Oh yes, we’ve seen this situation many times, and it is particularly pernicious as the challenge lies on two fronts:

  1. The overall enterprise has both B2B and B2C markets, such as a manufacturer who sells both direct to consumer and through a distribution network, as well as a massive organization like GE.  No one could possibly believe the executive who runs the GE lightbulb division has the same approach to growth and profitability as GE Aircraft. Unless the ELT understands the differences, most often we see the executives with the flashier high-profile B2C resumes take charge, and it is most often a disaster for the B2B side of the business. Hybrid organizations such as these are the most difficult to manage and grow unless you have the right playbook in place for the each side of the business.

  2. Ex-P&Gers who won't or can't adapt (or insert here alumni from most consumer packaged good companies). These proven, smart folks tend to struggle in their transition to most non-CPG companies, but especially when they move to B2B.  Most of them stick to what they know, apply the same go-to-market methodology/formula, and expect similar results.

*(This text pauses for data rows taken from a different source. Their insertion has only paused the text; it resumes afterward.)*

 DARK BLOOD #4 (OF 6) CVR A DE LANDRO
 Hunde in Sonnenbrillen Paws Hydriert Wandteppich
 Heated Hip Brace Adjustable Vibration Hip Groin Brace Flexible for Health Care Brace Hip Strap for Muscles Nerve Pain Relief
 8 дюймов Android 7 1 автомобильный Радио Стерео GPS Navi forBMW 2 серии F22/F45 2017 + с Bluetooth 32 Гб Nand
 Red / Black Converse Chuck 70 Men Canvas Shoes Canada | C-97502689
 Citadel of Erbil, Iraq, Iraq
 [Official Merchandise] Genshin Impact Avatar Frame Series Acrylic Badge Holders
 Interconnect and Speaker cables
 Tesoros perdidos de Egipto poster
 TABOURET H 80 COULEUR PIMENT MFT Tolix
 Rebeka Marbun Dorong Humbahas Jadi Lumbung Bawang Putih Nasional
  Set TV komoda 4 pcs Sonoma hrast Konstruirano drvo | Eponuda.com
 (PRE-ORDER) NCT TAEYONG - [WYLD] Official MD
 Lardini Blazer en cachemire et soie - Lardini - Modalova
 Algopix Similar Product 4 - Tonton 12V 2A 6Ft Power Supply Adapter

The most common example of hybrids are financial institutions who have both consumer and commercial segments.  Because the hybrid situation is so prevalent there, we showcase Wells Fargo in The B2B Executive Playbook and how they address their hybrid organization, particularly the B2B side.  They have adapted specific B2B practices to address the commercial side of their business. Very smart.

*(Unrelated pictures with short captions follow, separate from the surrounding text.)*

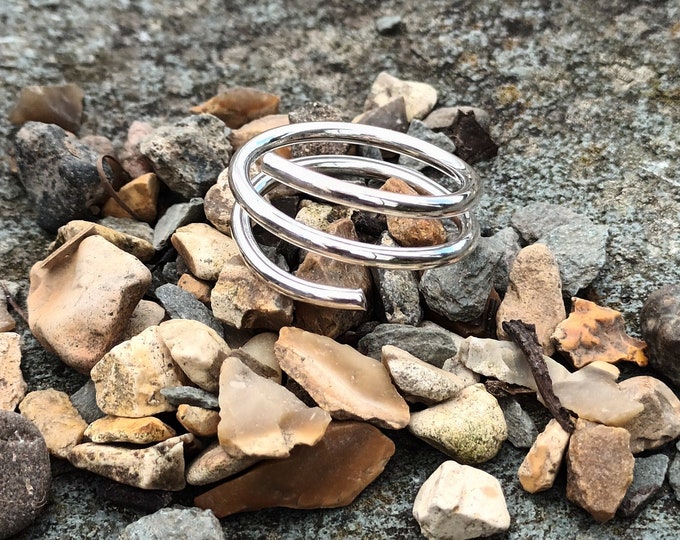 Silver Wrap Ring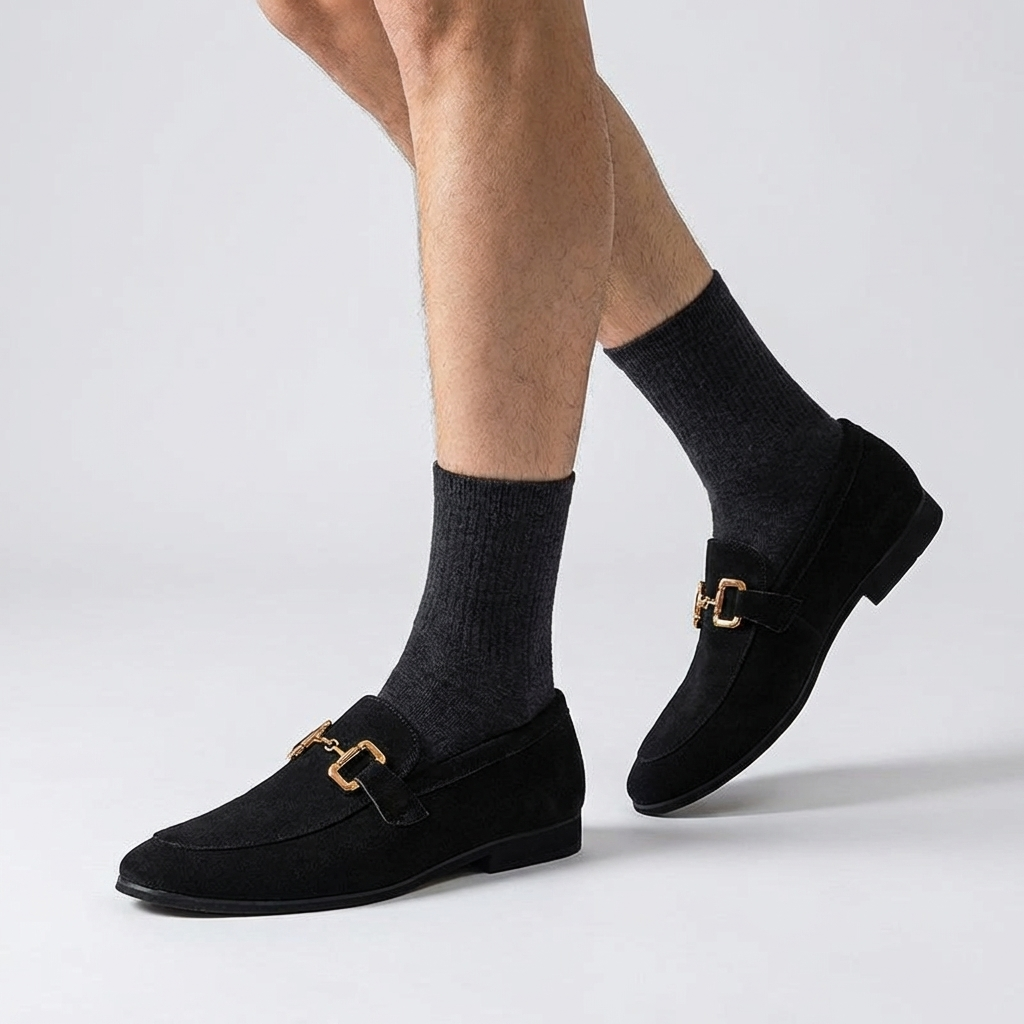 Men's Suede Loafers Refined & Versatile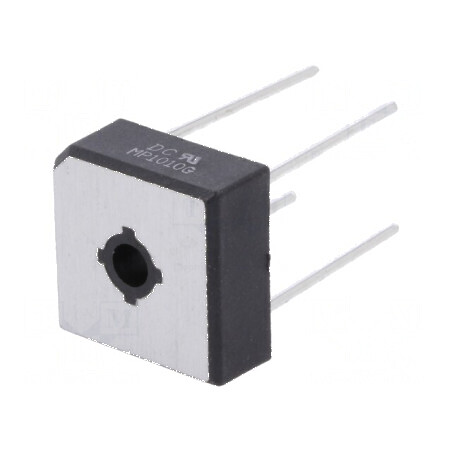 Punte redresoare monofazată Urmax 1kV 10A 240A MP-8 | Electronic-mag.ro | Componente Electronice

Other industries that commonly have both B2B and B2C markets and offerings include hotel and hospitality, as well as computer and technology (Microsoft, Symantec, Dell).  Let’s take Dell for example. After successfully making B2C history selling PCs to consumers, as a growth strategy Dell began acquiring B2B firms (middleware, integrators, etc.) and building solutions for B2B customers (e.g., mainframes).  However, they did not change their go-to-market strategy and approached CIOs fairly similar to how they marketed to college students.  It didn’t work, and eventually Dell went private after stock tumbled. Our company, along with Dell’s biggest corporate customers, tried very hard to get them to understand that a different approach was needed. The CMO didn’t agree (ex-major CPG executive) despite our very “dynamic” conversations.  Suffice it to say, that CMO is no longer there, which is the unfortunate outcome we have seen for so many talented B2C executives. 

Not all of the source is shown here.